Do you know what's wrong with the first method or is there a better way to do this?


Solution

  • For what you are trying to do here, Scanner is the wrong solution.

    If your goal is to simply read the all lines of the file as String[] you can use the Files.readAllLines(Path, Charset) method (javadoc) to do this. You could then wrap that as a List using Arrays.asList(...).

    What you are actually doing could work under some circumstances. But one possible problem is that String.split("\n") only works on systems where the line terminator is a single NL character. On Windows, the line terminator is a CR NL sequence.

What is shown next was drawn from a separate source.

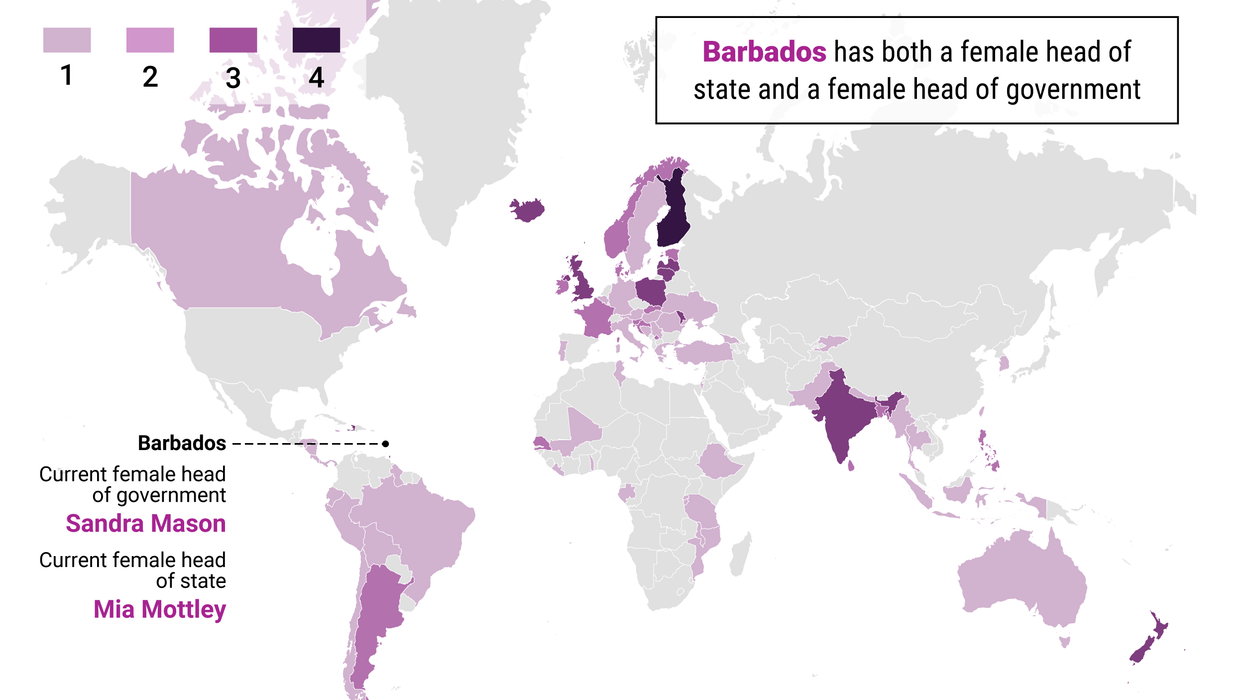 Map of the world color coded based on the amount of female leaders they have had.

And in that case, String.split("\n") will leave a CR at the end of all but the last string / line. That would be sufficient to cause Long.parseLong(...) to throw a NumberFormatException. (The parseXxx methods do not tolerate extraneous characters such as whitespace in the argument.)

    A possible solution to the extraneous whitespace problem is to trim the string; e.g.

      System.out.println(Long.parseLong(fullInput.get(1).trim()));
    

    The trim() method (javadoc) returns a string with any leading and/or trailing whitespace removed.

    But there is another way to deal with this. If you don't care whether each number in the input file is on a separate line, you could do something like this:

      Scanner myScanner = new Scanner(new File("input.txt"));
      List<Long> numbers = new ArrayList<>();
      while (myScanner.hasNextLong()) {
          numbers.append(myScanner.nextLong());
      }
    

    Finally, @ChengThao makes a valid point. It looks like these are binary numbers. If they are in fact binary, then it makes more sense to parse them using Long.parseLong(string, radix) with a radix value of 2. However if you parse them as decimal using parseLong (as you are currently doing) the values in your question will fit into a long type.